Industry Expansions May Create 3,100 New Jobs
By Barry Teater
Vice President, Corporate Communications
North Carolina, already the world's leading center for contract research organizations, is entering a renaissance era of CRO company growth and job creation.
Five CRO companies have announced expansions or relocations in recent months that will bring up to 3,300 new high-paying jobs to the Research Triangle area in the next five years.
- Durham-based Quintiles Transnational, the world's largest CRO company with more than $2 billion in projected revenue this year, will hire as many as 1,000 workers by 2011.
- Health Decisions is expanding its Durham headquarters to accommodate 200 new employees.
- INC Research of Raleigh will hire up to 1,100 employees and invest at least $17 million in its operations.
- By the end of the year, PRA International of Reston, Va., will relocate its corporate headquarters to Raleigh, and it plans to hire 500 employees during the next five years.
- Synteract of San Diego will expand its three-person office in Morrisville by an unspecified number of employees.
Average CRO salary
in North Carolina:
$100,000
-- Contract Pharma
Total employment at North Carolina's 87 CRO companies would swell to 20,732 from the current 17,532 if the growth pans out as planned.
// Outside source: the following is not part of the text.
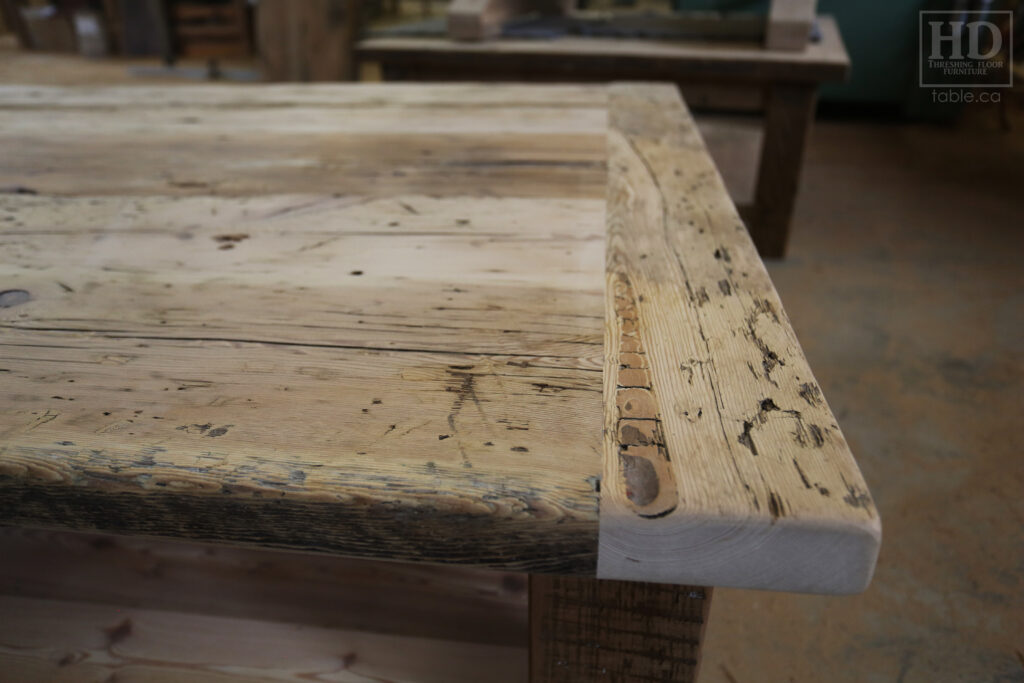 4.5' x 3.5' Ontario Barnwood Coffee Table we made for a Fonthill home - 18" height - Straight 4"x4" Windbrace Beam Legs - Bottom 1" Grainery Board Shelf - Hemlock Threshing Floor 2" Top - Original edges & distressing maintained - Solid Black Painted Base - Premium epoxy + satin polyurethane finish / www.table.ca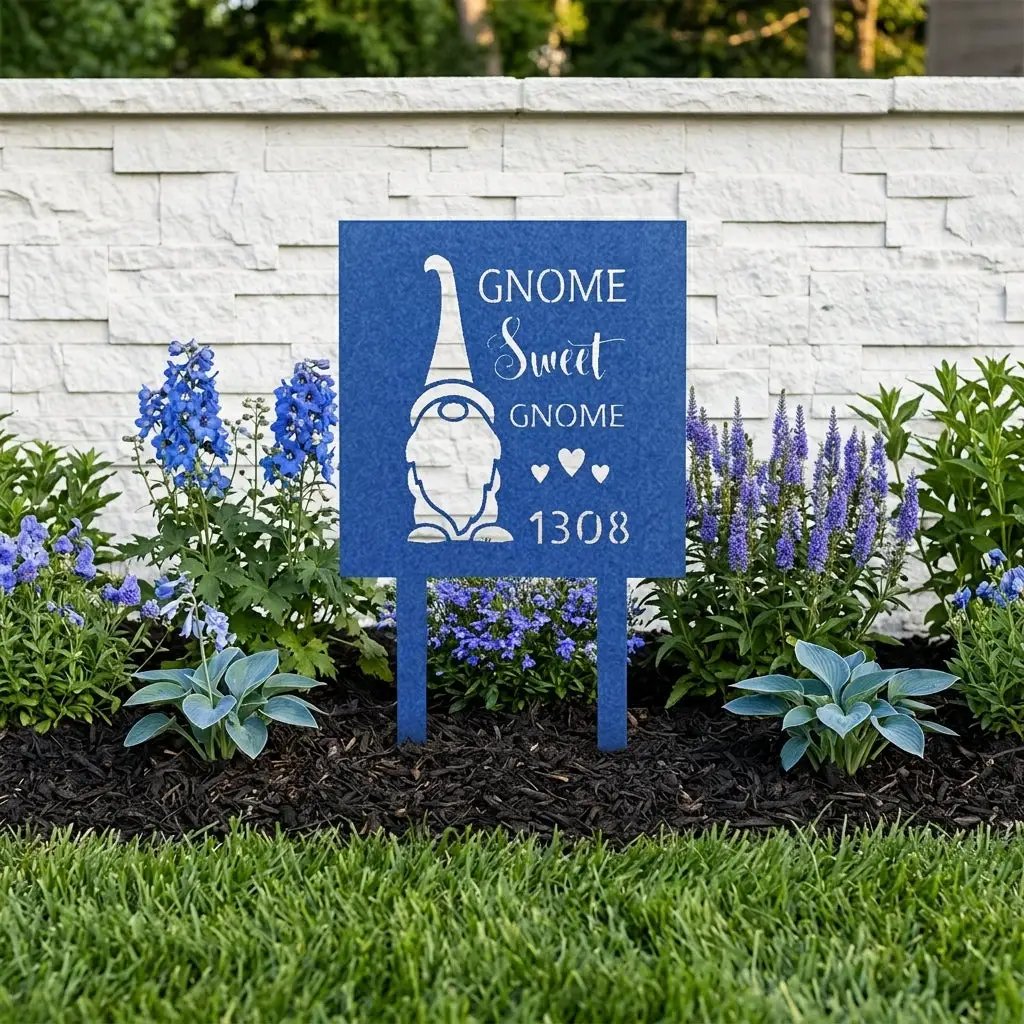 Personalized Gnome Sweet Gnome Address Sign | Custom Metal House Number Sign | Gnome Welcome Wall Decor | Outdoor Address Plaque | Made in USA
That's nearly a 19 percent increase, not counting potential expansions by the state's 82 other CRO companies.
"We're seeing more demand for the services they provide," says Dr. Mark Dibner, founder and president of BioAbility, a biotechnology consulting firm in Research Triangle Park.
"Big Pharma is outsourcing more as the cost of clinical trials rises and there are more FDA rules," Dibner says. "The FDA has gotten more cautious, requiring more (drug-safety) studies."
CRO companies help biopharmaceutical and pharmaceutical companies get their drugs to market faster and cheaper by providing a wide array of contract services including pre-clinical testing, clinical trial monitoring, data management and regulatory consulting. They employ a variety of employees including pharmacologists, biostatisticians, data management specialists and clinical research associates -- often trained as nurses.
North Carolina's CRO expansions come on the heels of industry contractions in recent years. "I see the pendulum swinging back now with greater demand," Dibner says. CROs are projected to generate $26 billion worldwide by 2010, up from $14 billion in 2005, according to the industry journal Thomson CenterWatch.
Finding 3,300 New Employees
The CRO boom will test North Carolina's capacity to provide trained workers for the onrush of new jobs. Some CRO companies will likely raid top staff from competing firms, although some firms are requiring employees to sign agreements promising not to work for competing companies.
But Dibner is confident that the state's universities and community colleges will produce most of the new workers needed. He cites the clinical research programs of the N.C. Community College System; the pharmacy schools at Campbell University and the University of North Carolina at Chapel Hill; and the biostatistics programs at Duke University, N.C. State University and UNC. "The community college system deserves a lot of credit for training in that area."
Jobs not filled by graduates of these programs or company raiding will likely be filled by trailing spouses of people moving to the Research Triangle area for other jobs and by North Carolinians living in outlying areas. "People could commute in from Rocky Mount and Wilson," Dibner says.
The spate of CRO expansions will boost the region's economy because CRO jobs pay exceptionally well. The average salary for all CRO jobs in North Carolina is about $100,000, according to a national survey by Contract Pharma, an industry trade journal. Nationally, salaries for clinical research associates average about $50,000; jobs requiring a bachelor's degree average $80,000; jobs requiring a master's degree average $90,000; and jobs demanding a doctorate average $120,000.